Logic in the Process Ontology


Vladimir I. Shalack


The aim of the work is to study the language tools that can be used for reasoning about procedural ontology. The procedural ontology differs from the substantive one by the greater structuring of the elementary "bricks" from which it is built. The consequence of this is the need to use languages with richer expressive capabilities to describe it. The paper deals with languages with unary and binary modalities. Individual processes can be analyzed from two points of view-statics and dynamics. In the first case, we are interested in statements whose truth depends only on the internal structure of the current process. The ratio of the division of processes allows us to determine on its parts a transitive, dense linear order without the first and last elements, which can be understood as the local time order of this process. This, in turn, allows us to talk about the beginning of processes, their flow and end. It becomes possible to define the concepts of process state and process as events. The inclusion of a binary modality such as a noncommutative conjunction in the language allows us to define an analog of a causal-like conditional relationship between parts of the process. The dynamics of processes implies their continuation beyond the current process.
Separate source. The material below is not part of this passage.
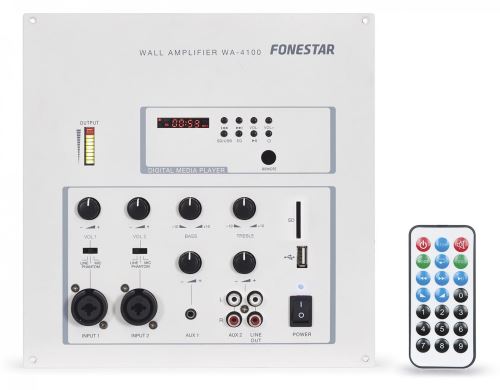 Fonestar WA-4100 - Nástěnný vestavný zesilovač s mix pultem a USB / MP3 přehrávačem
This can occur either due to implicit causal relationships, when the current process contains the reason for its future continuation, or as a result of the actions of active agents who themselves form this continuation. To represent the dynamics of processes as a consequence of the actions of active agents, a simplified version of the dynamic logic language is used. We also showed how you can take into account the goals that active agents set for themselves when performing certain actions.